Rep. Doug Lamborn, finger firmly in the wind, is sponsoring a bill to prevent Guantanamo detainees from being sent to the Supermax facility in Florence. He has an ally in Democratic Rep. Salazar, who echoes Lamborn's fear of placing military prisoners in federal prisons. Who, exactly, do these two gentlemen think is already housed in Supermax? The list includes some of the most dangerous criminals in the world. If the fear is that Supermax becomes a Qaida target, there are already a dozen or more al Qaida-linked terrorists serving time in Florence. If the worry is that the Guantanamo detainees will recruit other inmates, the roster of prisoners includes plenty of folks who already hate America, including the Unabomber, abortion clinic and Atlanta Olympics bomber Eric Rudolph and Oklahoma City bomber Terry Nichols, not to mention the aforementioned jihadists. Supermax was built expressly to house these folks. I'd sleep much better knowing they were securely housed there than released to other countries for safekeeping.
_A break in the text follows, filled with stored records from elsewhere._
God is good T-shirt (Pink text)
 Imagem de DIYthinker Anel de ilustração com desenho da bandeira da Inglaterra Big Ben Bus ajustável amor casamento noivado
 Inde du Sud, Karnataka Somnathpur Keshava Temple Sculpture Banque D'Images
The most stirring moment of President Obama's inaugural address came when he declared that we do not have to abandon our ideals to protect our nation's security. The most disturbing chapter of the Bush administration soon will end with the closing of Guantanamo and the CIA's notorious secret prisons, and with our abandonment,finally, of the torture of detainees. This disgraceful chapter couldn't end soon enough. I firmly believe that our ultimate safety rests not with the crushing of our enemies by force, but with our steadfast adherence to the higher principles of behavior we are supposed to stand for. The thing the jihadists have most to fear is an America bent on exporting our vision of a democratic, tolerant, inclusive and humane society.
The Torture Report is out, and it tells the story we've long suspected--that the authorization for extreme interrogation techniques came from the highest levels of government. Donald Rumsfeld and Alberto Gonzales, in particular, signed off on harsh treatment of detainees, despite warnings that what they were authorizing was, in fact, a violation of the Geneva Convention and of our own laws. They listened, instead, to crackpot legal theories put forth by David Addington, assistant to Vice President Cheney and Gonzales, which assigned to the president unprecedented wartime powers to ignore all standards of human decency this nation has subscribed to in war and peace throughout its history. This is one of the saddest chapters in all of American history. We're supposed to be the good guys. We're the good guys because we don't do what the bad guys do. If we do what the bad guys do, then we're the bad guys. You can argue with that, but I'm not listening. I just hope that Obama has the courage to investigate his predecessors and demand not only accountability, but also justice, even if it means putting our nation's war criminals on trial.